WORK ITEM: Search the entries below for "[P03] Alt brăduț". Give that line and all the lines after it again, exactly, through the last, without pictures.

GIVEN DATA:
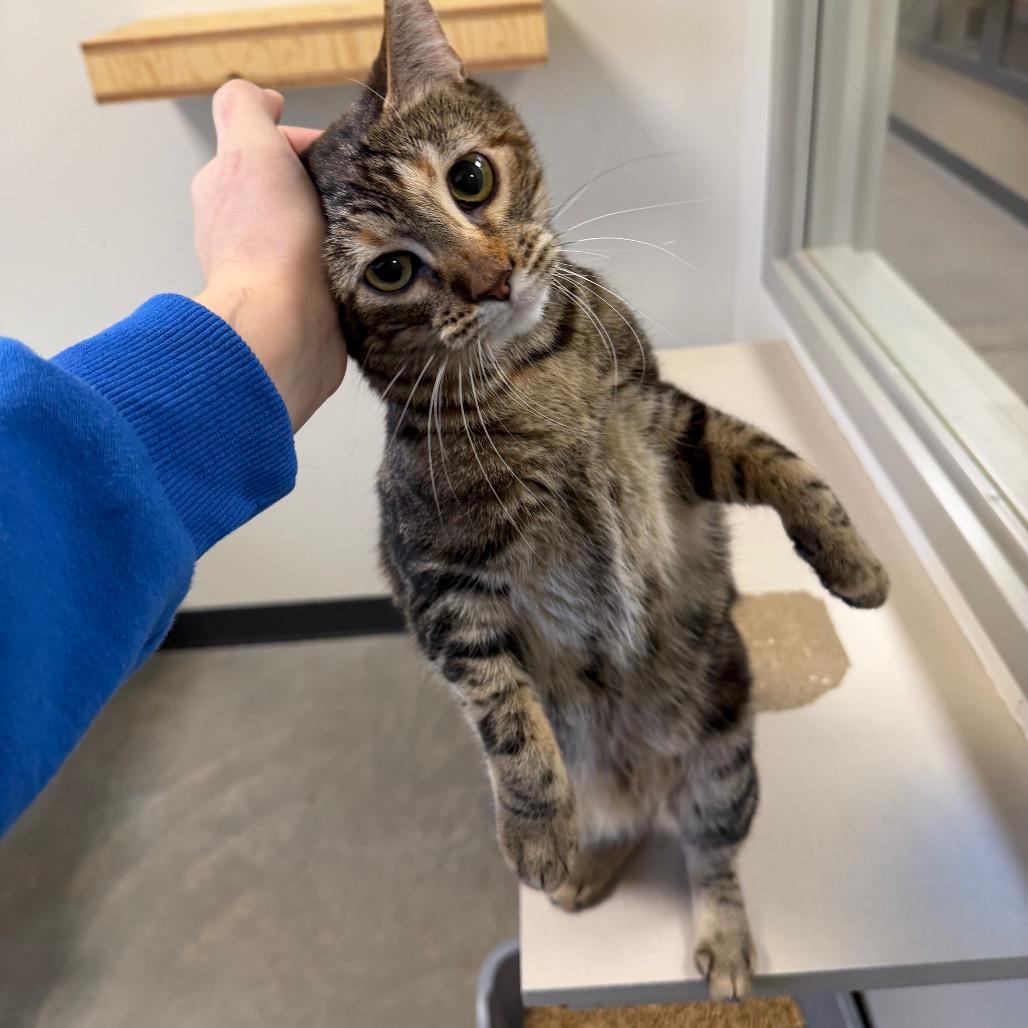 Enlarge Sassy, a Adoptable Domestic Short Hair in Cody, WY image 2/3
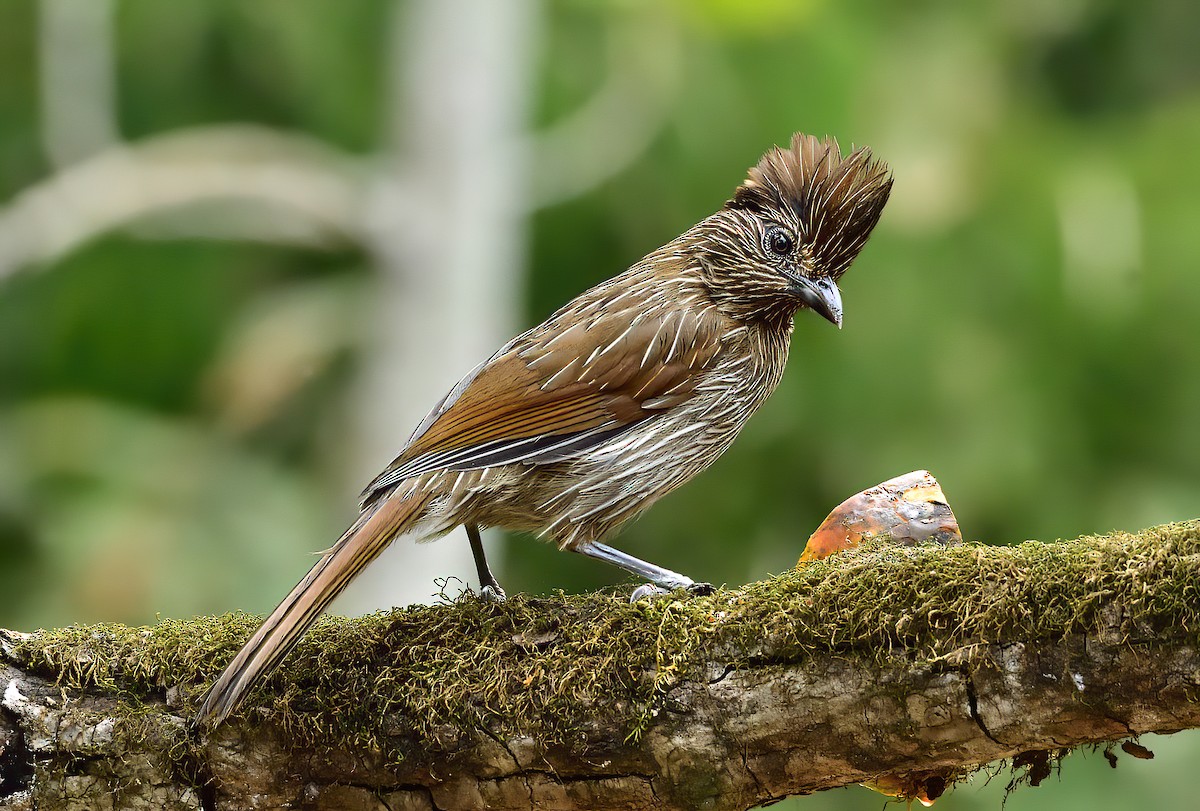 Striated Laughingthrush - ML619868954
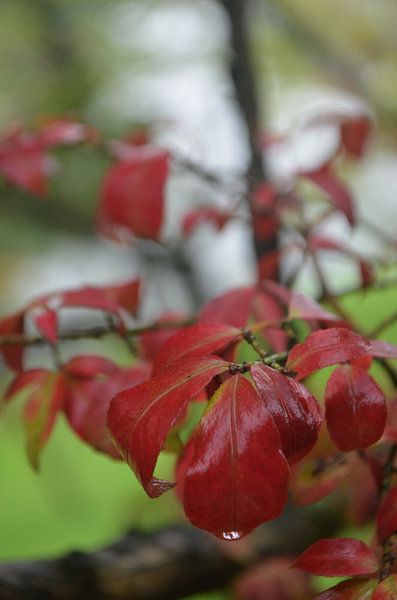 Herbst von Sylvia Schmidt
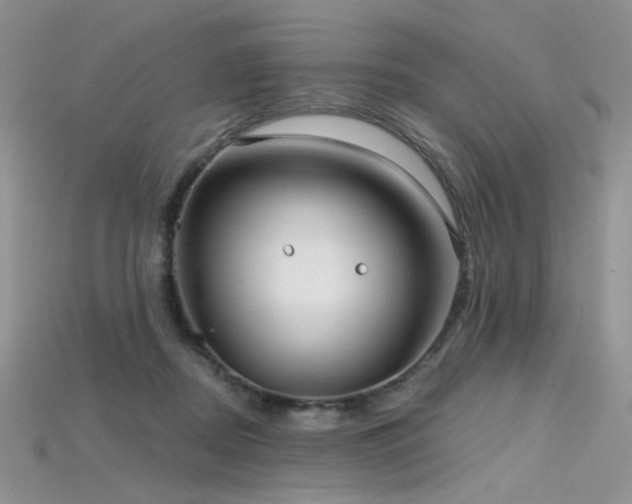 X0000115730362200911121517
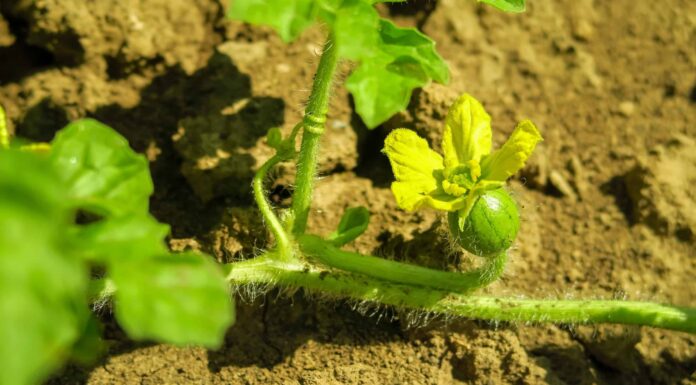 12 verdure da piantare ad aprile
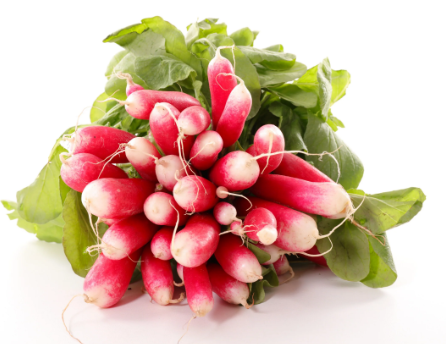 French Breakfast Radish Seeds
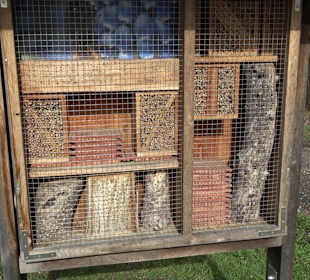 Gomaringer Rundweg - Zu den Giganten im Wald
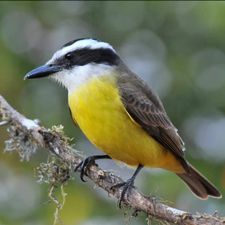 Profile image of Bentevi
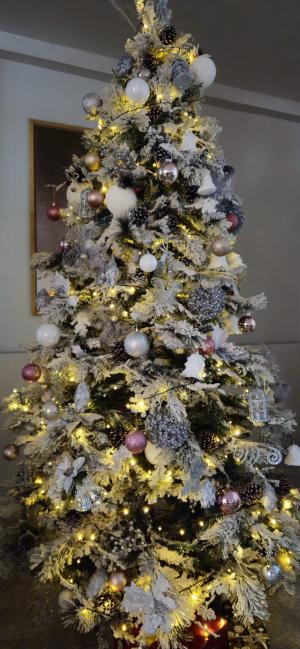 [P03] Alt brăduț din decorul de la recepția Orizont Hotel » foto by kmy <span class="label label-default labelC_thin small">NEVOTABILĂ</span>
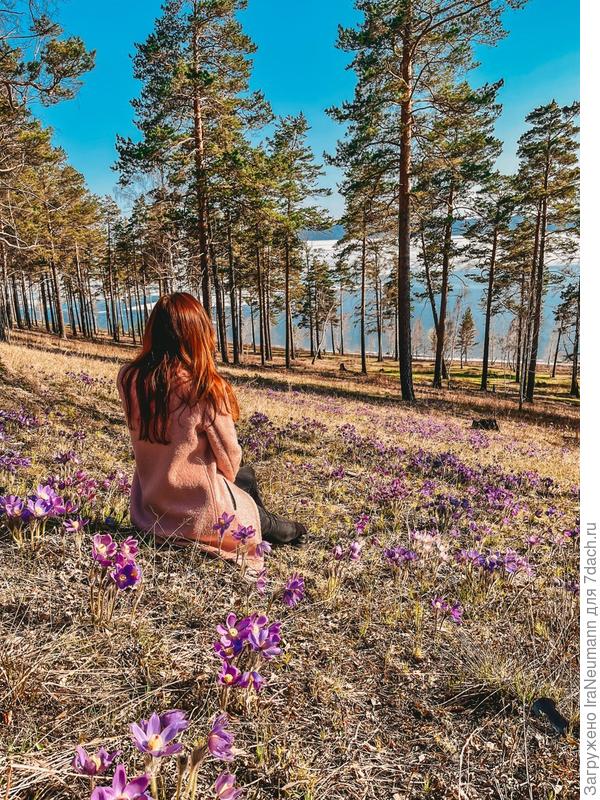 Замечталась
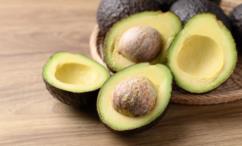 أضرار الأفوكادو للشعر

YOUR SOLUTION:
 [P03] Alt brăduț din decorul de la recepția Orizont Hotel » foto by kmy <span class="label label-default labelC_thin small">NEVOTABILĂ</span>
 Замечталась
 أضرار الأفوكادو للشعر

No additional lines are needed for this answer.